Steven Brill sat down with The New York Observer last week to talk about a wide variety of media issues, including his new, tantalizingly undefined project with former New York Times Executive Editor Jill Abramson. While he was at it, he shared his less-than-flattering opinion of Chris Hughes, the owner of The New Republic.
Brill’s falling-out with Hughes dates back to 2012, when Hughes, who had just acquired the magazine, met with Brill and bought, sight unseen, his magnum opus on health care costs, promising that it would grace the cover of the relaunch issue.
I went home and told my wife that I was going to do that health care thing for The New Republic. She said, “God, are you a schmuck. You should give it to Remnick.”
As for the notorious moment when Hughes replaced the story with a Barack Obama interview at the last minute, Brill said that a star-struck Hughes just couldn’t get over the fact that the president was willing to talk to him.
Obama’s giving interviews out like candy and presidential interviews always suck. He said no, it’s an exclusive interview in the Oval Office. He must have repeated Oval Office nine times, like he couldn’t believe he was getting to go to the Oval Office.

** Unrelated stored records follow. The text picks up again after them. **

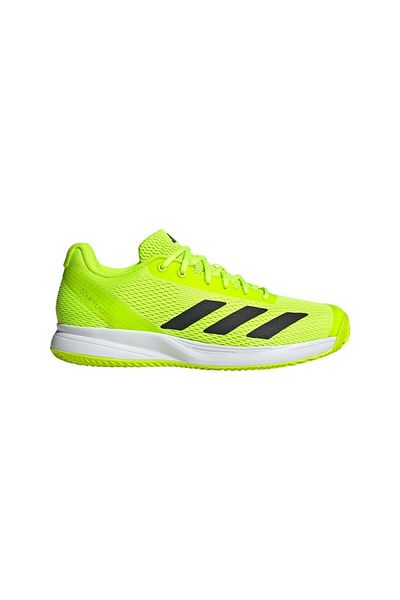 adidas Men's Tennis Shoes Courtflash Speed ​​2 Jp5230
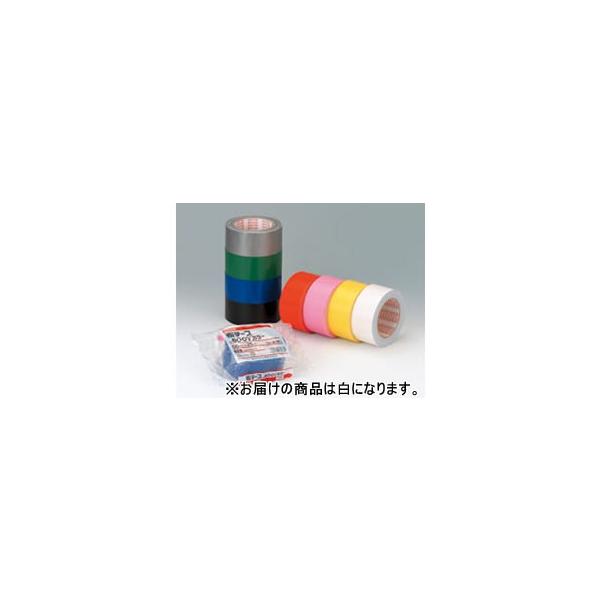 ZLXC J[ze[v 50mm×25m  30 NO.600V  ze[v Ke[v Se[v 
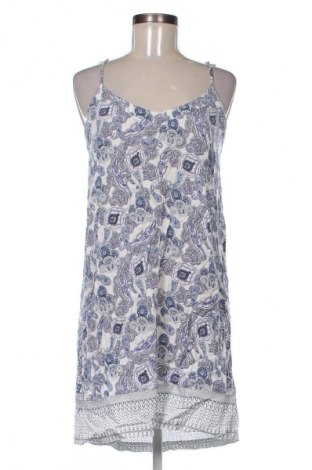 Kleid Saint Tropez, Größe S, Farbe Mehrfarbig, Preis 19,99 €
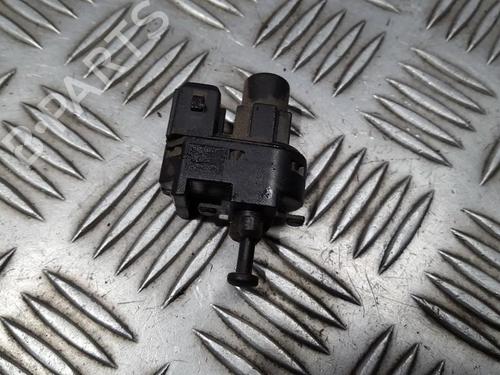 Used Electronic module Electronic module FORD FOCUS I (DAW, DBW) 1.8 16V (115 hp) 35692830 35692830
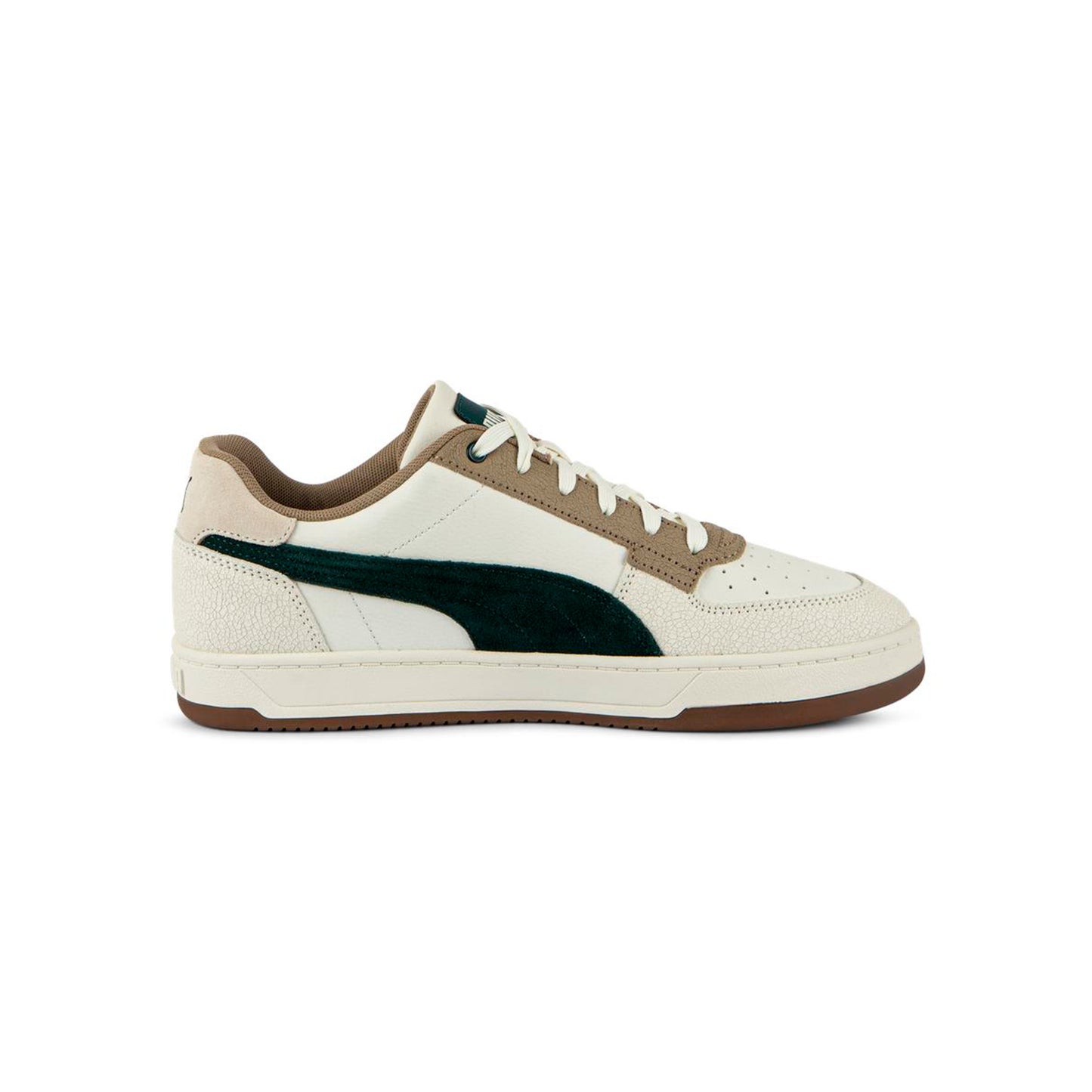 Zapatillas Urbano Hombre Puma Caven 2.0 Fractured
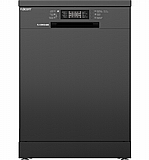 Fujicom FJDW24BK עומד רחב  image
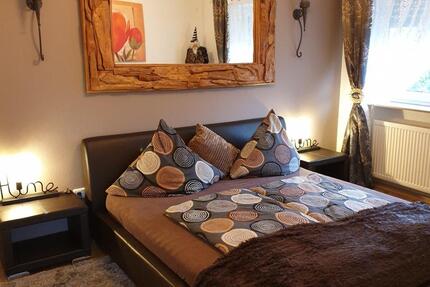 Ferienwohnungen Gästeappartment ab sofort wieder frei zimmer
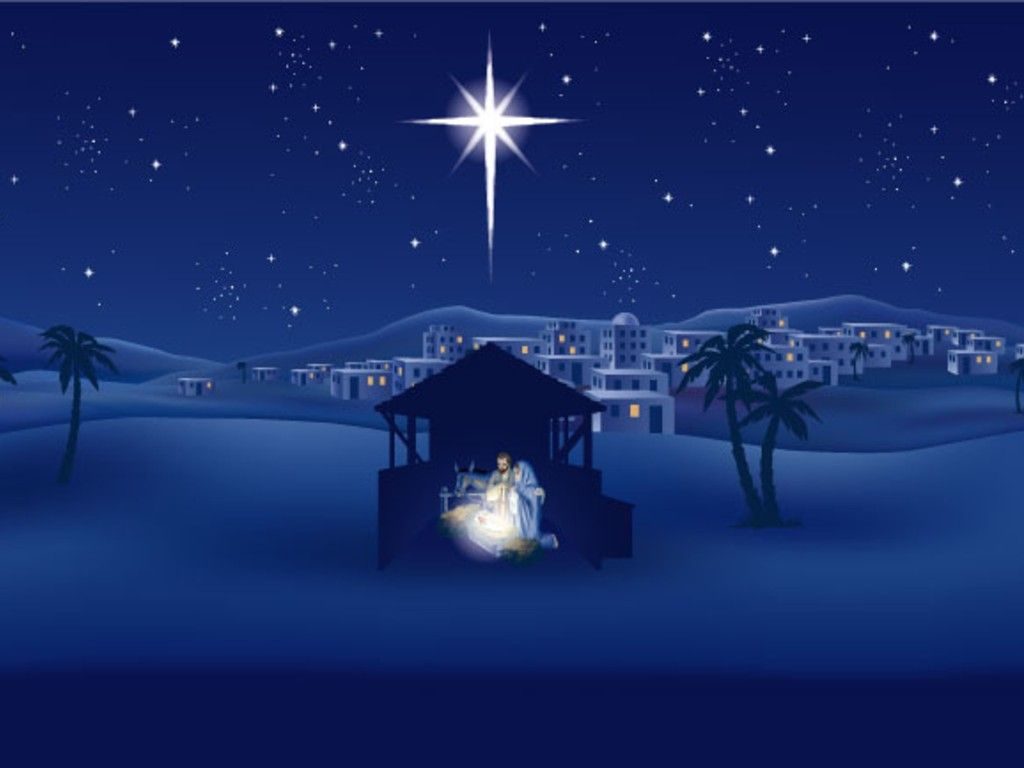 jesus-born-537778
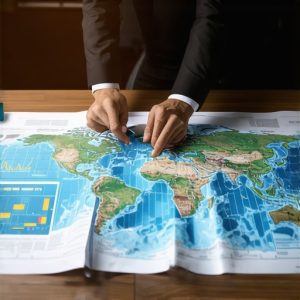 Fix These 3 Maps Ranking Factors Ruining Your 2026 Growth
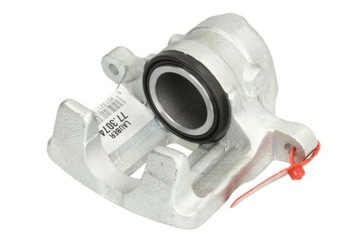 LAUBER 77.3074 TŘMEN BRZDY
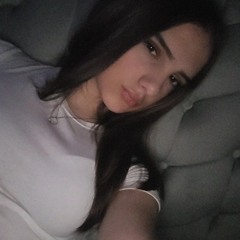 Faye x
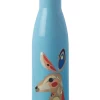 Discount β¨ Maxwell & Williams Pete Cromer Kangaroo 500ml Double Wall Insulated Bottle Blue π₯° 1 Discount β¨ Maxwell & Williams Pete Cromer Kangaroo 500ml Double Wall Insulated Bottle Blue π₯° -Maxwell & Williams Shop unnamed file 1112
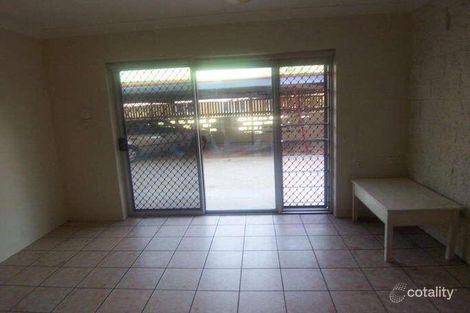 Property photo of 2/347 Lake Street Cairns North QLD 4870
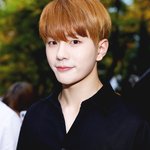 [댓글부탁해] 다들 본진 <b>얼굴</b> <b>자랑</b> 좀 해줘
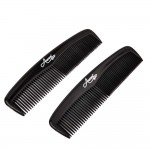 Accessoires Outils de coiffure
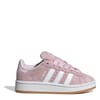 Campus 00s Shoes Childrens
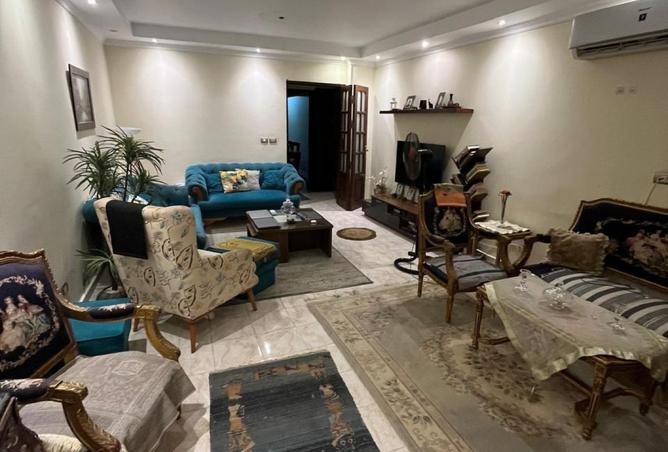 8523188 - Property Image 2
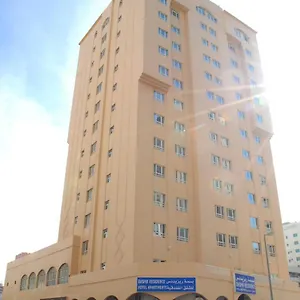 https://basma-residence.sharjah-hotels.com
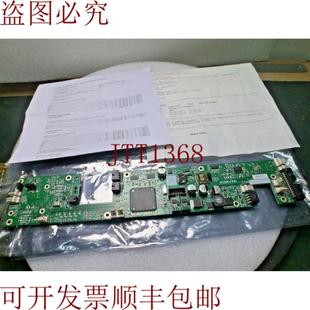 Rev 探头主板_8940 EOA002730B 供应EOLITE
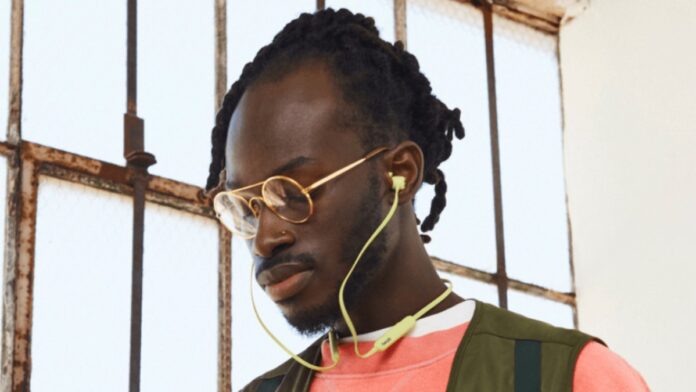 47a72869-a87d-405a-8799-29e2910a6d9b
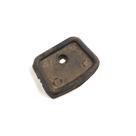 Calco macaneta externa porta n/nl-10/12 **volvo n-10 /**volv Calco macaneta externa porta n/nl-10/12 **volvo n-10 /**volv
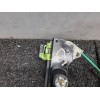 Recambio de elevalunas delantero derecho para bmw serie 3 compact (e46) 316ti referencia OEM IAM   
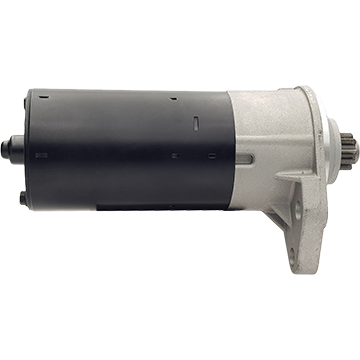 str1308_u_1024x10242x2454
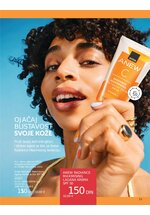 Avon katalog akcija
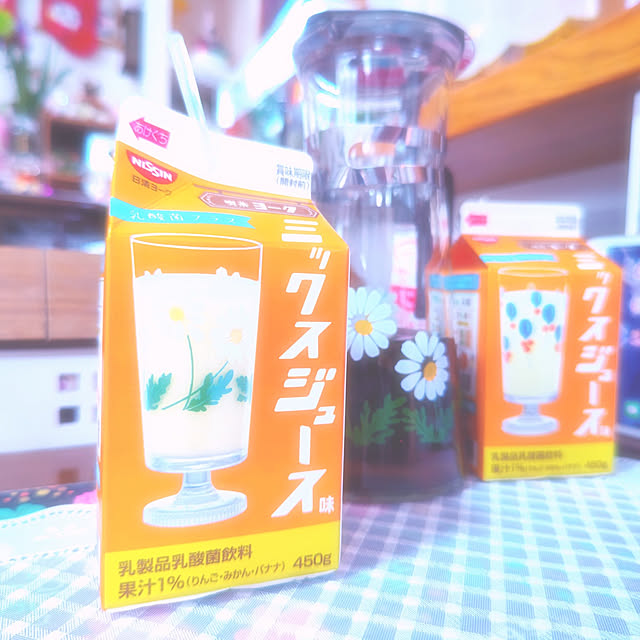 mariaさんの実例写真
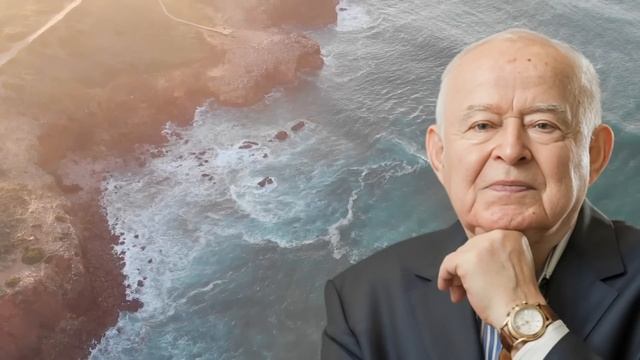 ЭТИ 11 МИНУТ, Изменят ВСЮ ЖИЗНЬ! Гениальные советы выдающегося психолога Михаила Литвака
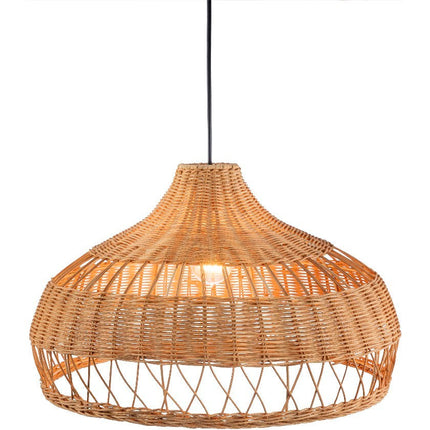 Norton Pendant Light Home Decor > Lighting > Ceiling Lights > Pendant Lights TriadCommerceInc 20"L x 20"W x 59"H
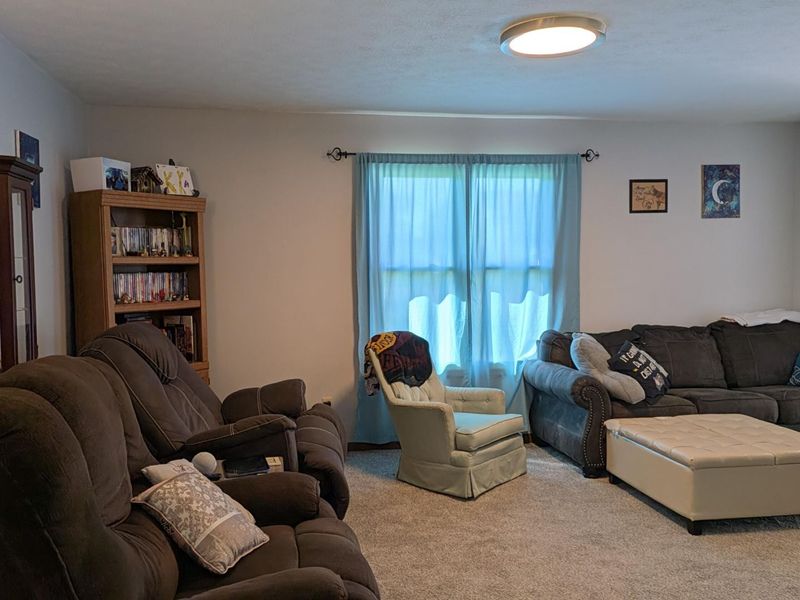 198-200 N Fork Drive, Jackson Center, OH 45334 Photo 8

Brill added that when Hughes laid off editor Franklin Foer and cut the production schedule, prompting editors to quit en masse in December, that was just the bungling of a young kid:
That is exactly the kind of rookie mistake I would make at 29,” Brill said. “So the mistake was easy to give him a pass on. But lying to me wasn’t.
In the end, he joked, Hughes did him a favor by pushing his story off the front page and giving him the chance to run it in Time Magazine. “Thank God that this guy Chris Hughes is not a man of his word.”